Aktivitas dakwah Islam Ideologis dihalangi dengan melalui shadow-ban yaitu tindakan tersembunyi yang dilakukan oleh platform medsos untuk membatasi jangkauan akun , sehingga unggahan Islam Ideologis tidak akan ditemukan oleh pengguna lain. Tapi berputar hanya pada pendakwahnya saja.
Sementara konten sekuler, liberal, porno, LGB-7O, kekerasan, judol, dan pinjol terus bebas menjangkau generasi muslim. Hingga melenakan mereka dan tergoda untuk mengejar kesenagan duniawi saja, melupakan akhiratnya.
Jika kita telisik , penggunaan platform digital disisi lain memang terdapat sisi positipnya yaitu adanya activism glocal, mudah belajar dsb, tapi nyatanya memiliki minus problem mental, inkusif-progresif, mempertanyakan agama-otentik, memiliki nilai sendiri yang beda dengan generasi tua. Hingga akhirnya pada titik ini ternyata diperlukan ideologis Islam yang kuat yang bisa menyelamatkan gen Z.
Menyelamatkan Gen Z dengan Landasan Ideologis Islam
Ideologisasi bukan sekedar penguat iman atau pemberi motivasi spriritual tetapi merupakan proses sistemis untuk membangun cara berpikir, cara menilai, dan cara bergerak berdasarkan akidah Islam. Tanpa landasan Ideologis, maka benteng generasi tidak akan kuat menghadapi realita global dengan jernih . Mereka paham bahwa krisis yang menimpa umat bukan karena kelalaian tetapi buah dari penerapan sistem sekuler kapitalis yang dapat merusak mereka. Sekuler yang memuja kesenangan dunia dirasakan akan membuat mereka menderita lahir dan batin karena tidak tentu arah hidupnya.
Di tengah ekosistem digital yang kian mengurung pemuda dalam lingkaran aktivitas semu, umat membutuhkan generasi yang mampu keluar dari jebakan algoritma dan berdiri sebagai subjek perubah. Potensi generasi muda sangat besar dalam mengambil kendali , bukan tunduk pada algoritma ataupun pasar Barat, tetapi hanya tunduk pada Allah.

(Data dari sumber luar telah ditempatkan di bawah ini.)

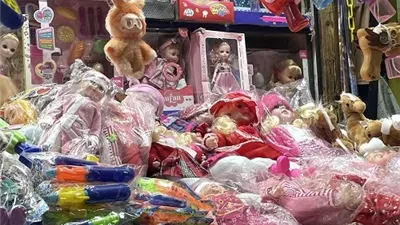 قنابل سامة.. في حضن عصافير الجنة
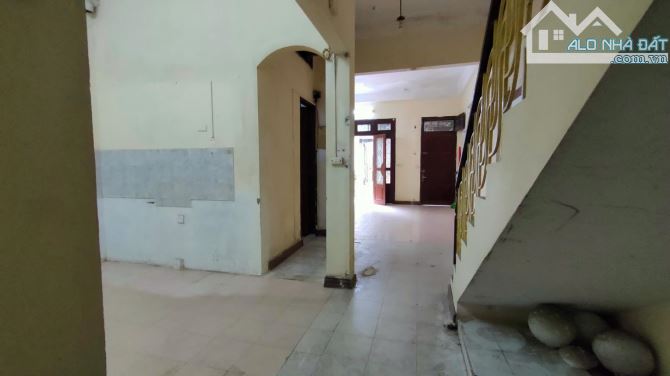 NGUYÊN HỒNG -  VỊ TRÍ SIÊU ĐẸP - Ô TÔ TRÁNH - KINH DOANH BẤT CHẤP - 3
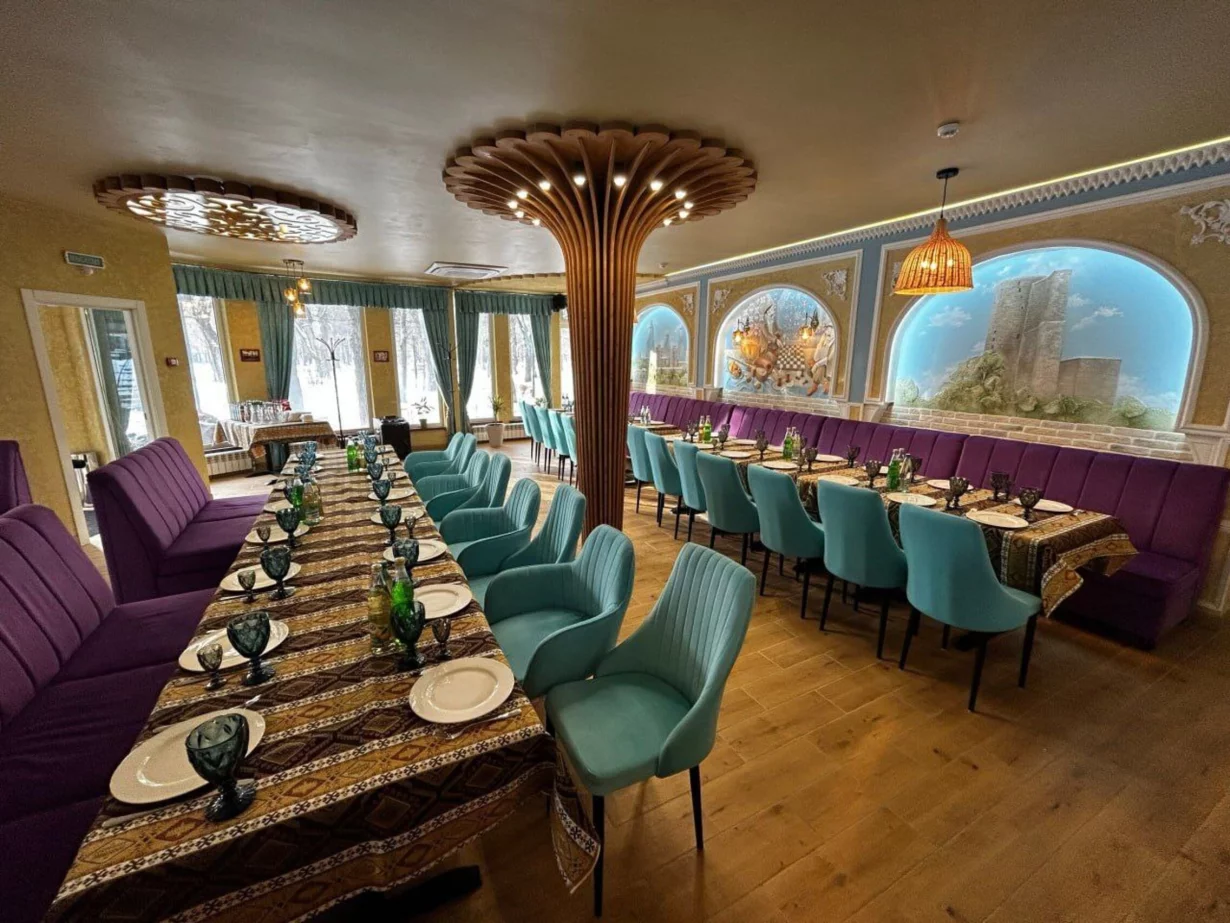 Интерьер/Экстерьер/Банкетная зона/Бар/Стол для двоих/Вход/Главный зал/Lounge зона  Doner фото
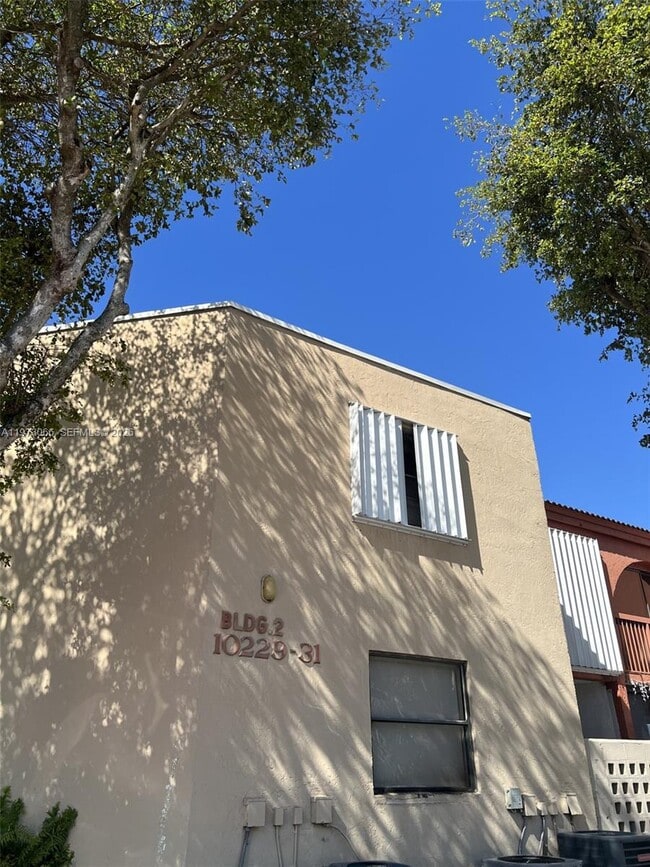 Building Photo - 10229 NW 9th St Cir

Pergerakan gen Z harus diarahkan untuk memberikan solusi sistemis dan ideologis bardasarkan paradima Islam. Allah Swt. berfirman, “Kamu (umat Islam) adalah umat terbaik yang dilahirkan untuk manusia, (karena kamu) menyuruh (berbuat) yang makruf, dan mencegah dari yang mungkar, dan beriman kepada Allah.” (OS Ali Imran [3]: 110)
Dalam membangun generasi yang memiliki arah yang jelas, maka tugas umat adalah menghadirkan lingkungan pembinaan yang membentuk kepribadian Islam, menguatkan kemampuan membaca realitas. Dan mengarahkan kepedulian generasi muda pada perubahan yang bersifat sistemis ke perubahan menerapkan sistem ideologi Islam.
Membina generasi muda dengan menanamkan akidah dan visi hidup serta syariat Islam sebagai solusi hidupnya. Menguatkan identitas generasi muslim dan membangkitkan aktivitas mereka agar berkotribusi pada pentingnya penerapan syariat Islam dalam kehidupan. Generasi muda dan tua melebur bersama memperjuangkan ini. Disisi lain peran negara berperan besar dalam menciptakan kondisi masyarakat yang terbebas dari sistem kapitalis.
Sinergi keluarga, masyarakat dan negara dibutuhkan untuk menyelamatkan generasi dan mengarahkan pada pergerakan yang sahih. Sesuai dengan tuntunan Islam.